■ PROMPT ■
The reply should hold every line of the listing exactly, and none of its images.

■ EXERCISE DATA ■
++++++

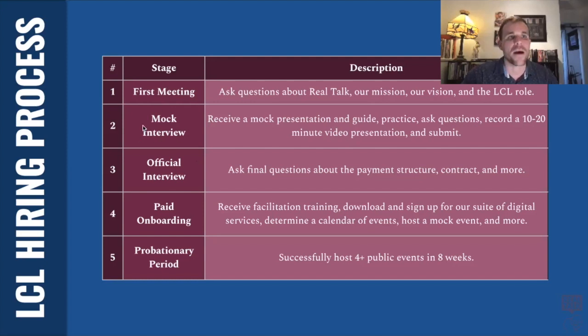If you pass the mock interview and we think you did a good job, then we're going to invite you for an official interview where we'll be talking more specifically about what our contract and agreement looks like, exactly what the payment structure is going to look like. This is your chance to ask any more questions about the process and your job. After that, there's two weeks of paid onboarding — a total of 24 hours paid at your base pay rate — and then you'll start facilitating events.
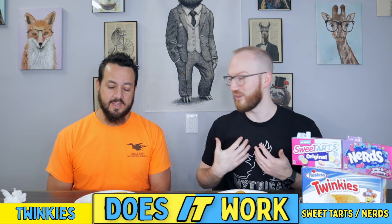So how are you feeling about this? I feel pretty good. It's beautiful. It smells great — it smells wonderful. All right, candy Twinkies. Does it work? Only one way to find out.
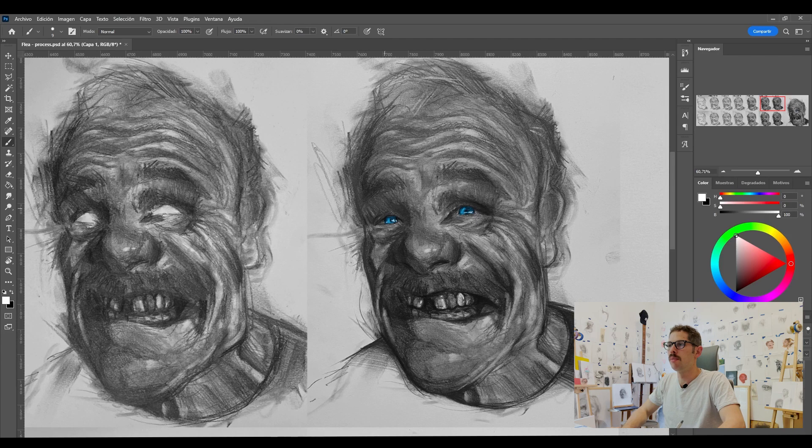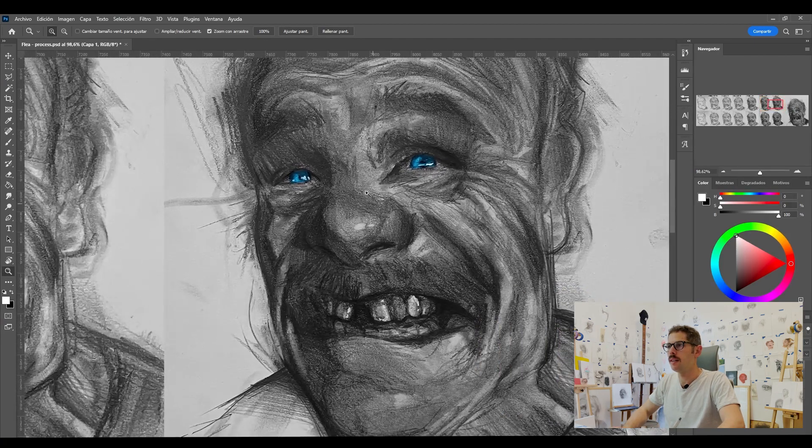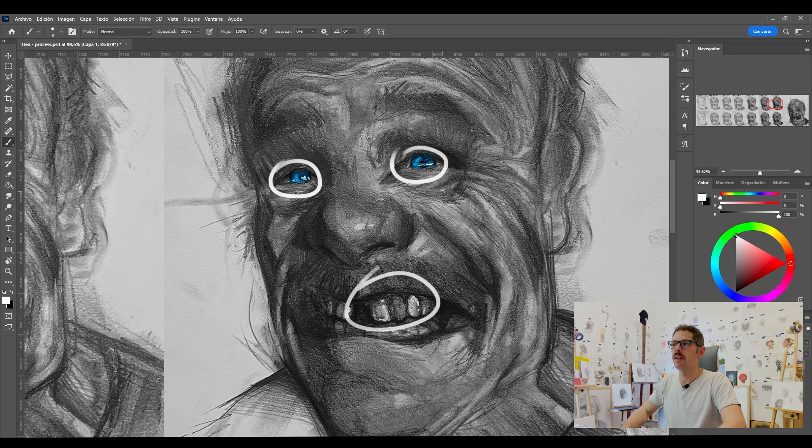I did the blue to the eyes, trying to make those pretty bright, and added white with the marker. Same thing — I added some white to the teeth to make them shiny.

++++++

■ SOLVED EXERCISE ■
If you pass the mock interview and we think you did a good job, then we're going to invite you for an official interview where we'll be talking more specifically about what our contract and agreement looks like, exactly what the payment structure is going to look like. This is your chance to ask any more questions about the process and your job. After that, there's two weeks of paid onboarding — a total of 24 hours paid at your base pay rate — and then you'll start facilitating events.
So how are you feeling about this? I feel pretty good. It's beautiful. It smells great — it smells wonderful. All right, candy Twinkies. Does it work? Only one way to find out.
I did the blue to the eyes, trying to make those pretty bright, and added white with the marker. Same thing — I added some white to the teeth to make them shiny.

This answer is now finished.